Kat Lind: I’m Kat Lind, Chief Systems Engineer for Solitaire Interglobal. We’re a predictive performance modeling host. Our customers look to us for independent unbiased information that’s backed on fact, not opinion. The entire x86 architecture was a sort of logical swing of the pendulum when it comes to processing architectures. Each box costs less, risk, because it’s small therefore it should be a small risk, and it’s easy to do.
In the present day the issues with x86 have fallen another logical pathway. We have a more limited resiliency in the platform itself. It has less elasticity for handling unexpected workload. So the answer is to build out more boxes. The scale out radically increases the complexity of an x86 environment. In fact, Joe DeBella the CIO of AriZona Beverages has been very vocal publically about his challenges.
Joe DeBella: We had situations where we were in [? 01:09], and really had a difficult time keeping the environment sustainable. So our skills were strained. We ended up working many hours of overtime just to in fact be sure that the systems were going to be up on a Monday morning. We had compatibility management between the vendors, between SAP, VMware. We had workload issues, just piles of things.
Kat Lind: So you take that and you add on the recent trend of more businesses using business analytics, and you have a recipe that is fraught for increasing frustration, and rapidly escalating costs. That totally ignores the whole issue of security threats, which is becoming the number one pain point in IT. One of the things that we’ve noticed is our customers running on Power are experiencing lower costs by 50 to 75 percent. In fact, Joe DeBella mentioned that his savings was closer to 70 percent. Lower staff time by half to 60 percent. That they have better performance because resources are targeted toward where they’re needed at the time they’re needed. That performance increase is anywhere from 300 to 1,000 percent. This is not just a one time hit, it continues over the entire operation.

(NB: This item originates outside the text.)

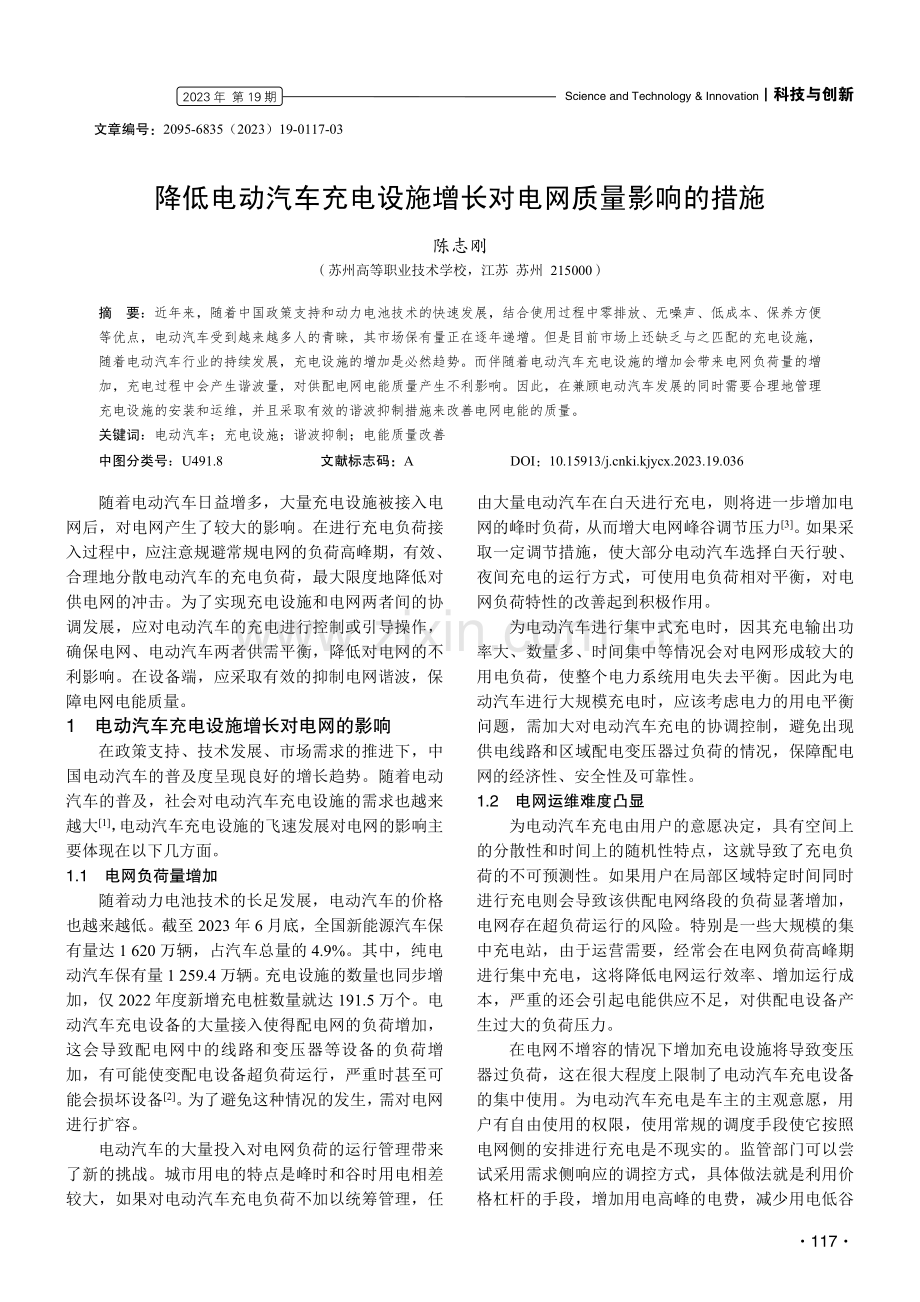 降低电动汽车充电设施增长对电网质量影响的措施.pdf_第1页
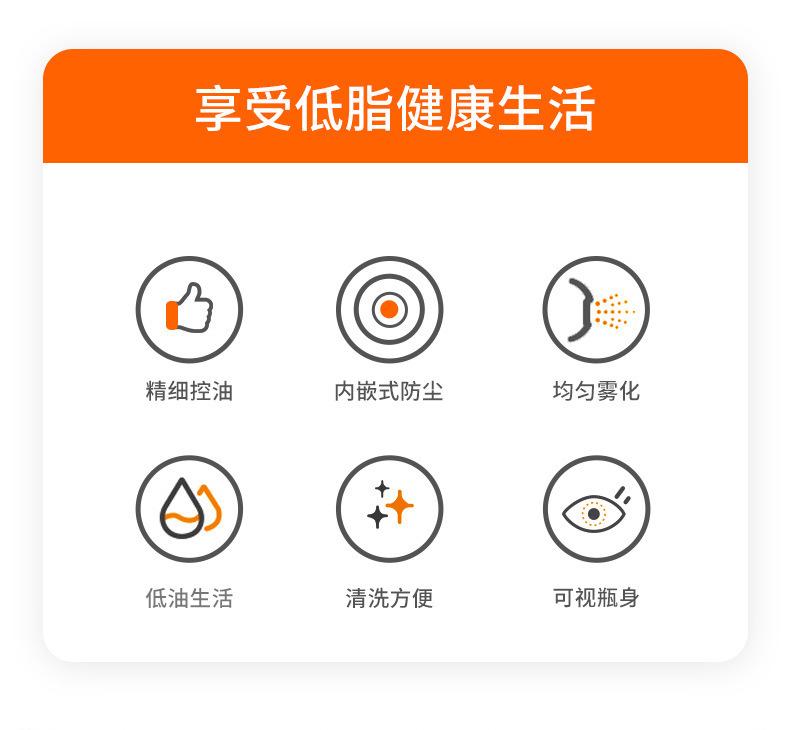 详情页_02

If we turn to examine virtualization technology in an x86 environment I have to buy more servers to handle the workload, because I can’t move the resources back and forth. For a Power environment, I can simply redirect the resources, and not have to buy more boxes. Security is the largest cost and pain point that our customers have. The main difference between x86 and Power is that Power has an integrated security solution that does not have little hooks that can be grabbed by an attack. X86 is full of little hooks designed to bolt on more and more layers. Our reported security costs from our customers is in excess of half a billion dollars. Of that $1,214 is from Power.
So all of those things contribute to far more reasonable operations, and a better business case for Power. We have a really strong responsibility to all the customers that we have worldwide. We believe that Power needs to be a prime consideration for them. We have less reported problems, we have better availability, we have better performance consistency. We have better security on the customers that use Power than any other platform in the UNIX and x86 environment. They win if they pick Power.